### [Data supplied]
####

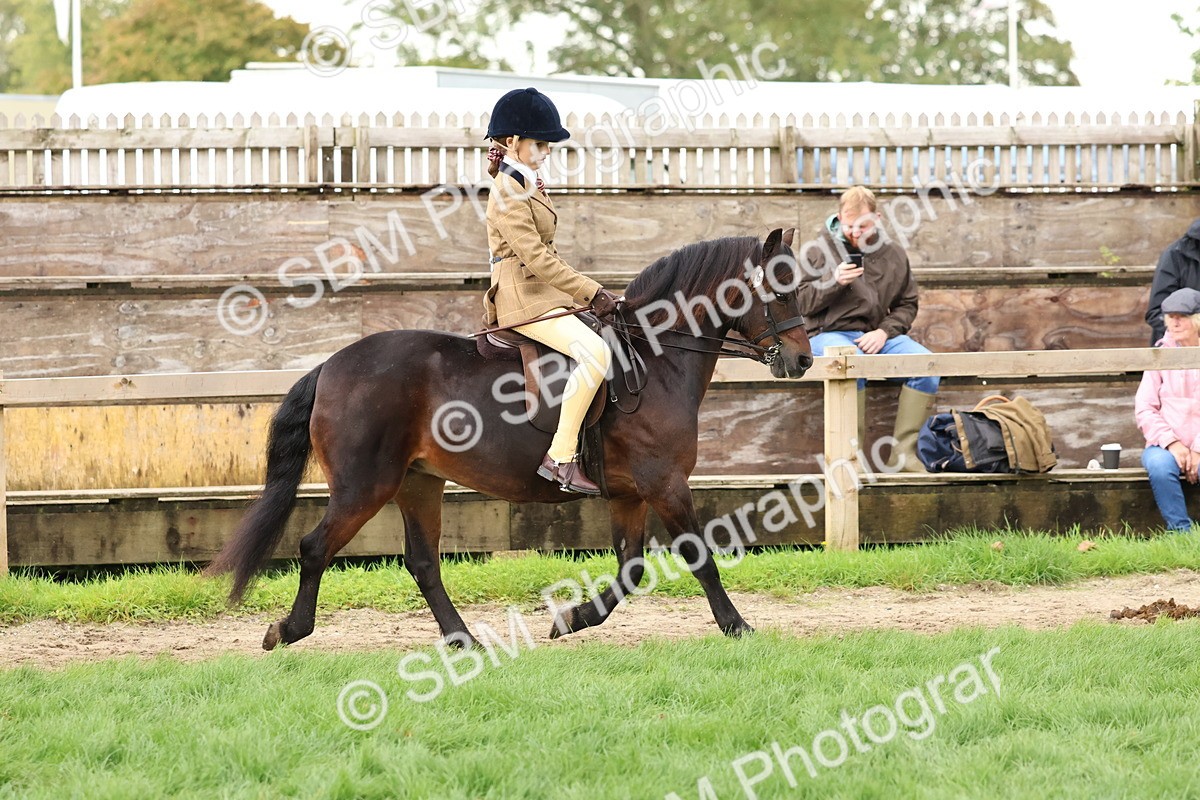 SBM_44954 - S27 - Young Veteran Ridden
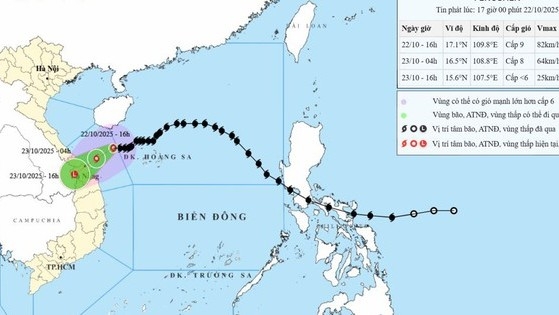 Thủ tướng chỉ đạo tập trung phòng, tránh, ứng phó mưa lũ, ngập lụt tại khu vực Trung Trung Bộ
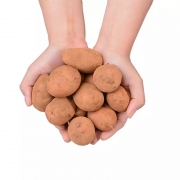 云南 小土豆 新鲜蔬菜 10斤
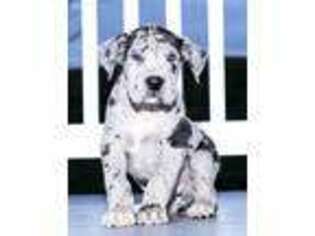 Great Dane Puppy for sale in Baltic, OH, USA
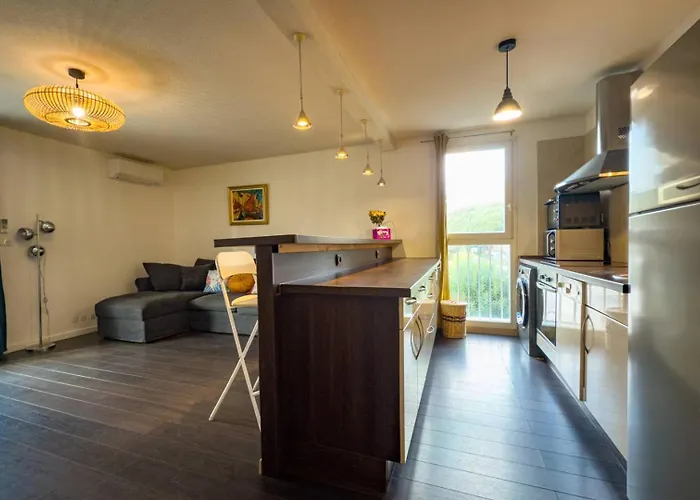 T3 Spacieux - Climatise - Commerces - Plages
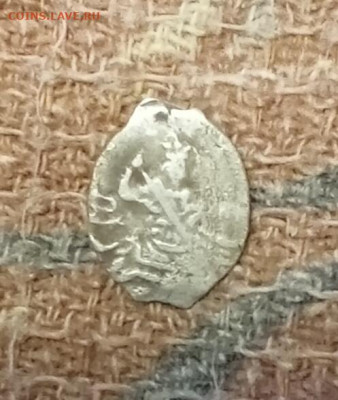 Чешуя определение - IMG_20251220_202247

####

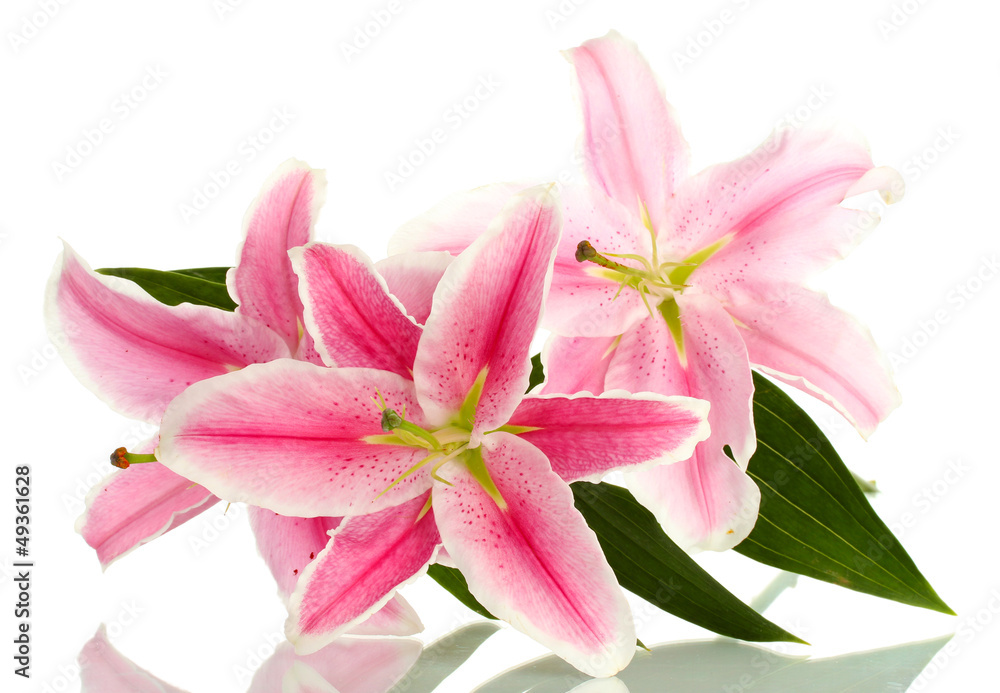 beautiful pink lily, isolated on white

####

### [What is required]
Within the listing above, the lines starting at the one containing "Thủ tướng chỉ" and ending at the one containing "Чешуя определение - IMG_20251220_202247" are to be returned exactly. Omit the pictures.

### [Exercise answer]
 Thủ tướng chỉ đạo tập trung phòng, tránh, ứng phó mưa lũ, ngập lụt tại khu vực Trung Trung Bộ
 云南 小土豆 新鲜蔬菜 10斤
 Great Dane Puppy for sale in Baltic, OH, USA
 T3 Spacieux - Climatise - Commerces - Plages
 Чешуя определение - IMG_20251220_202247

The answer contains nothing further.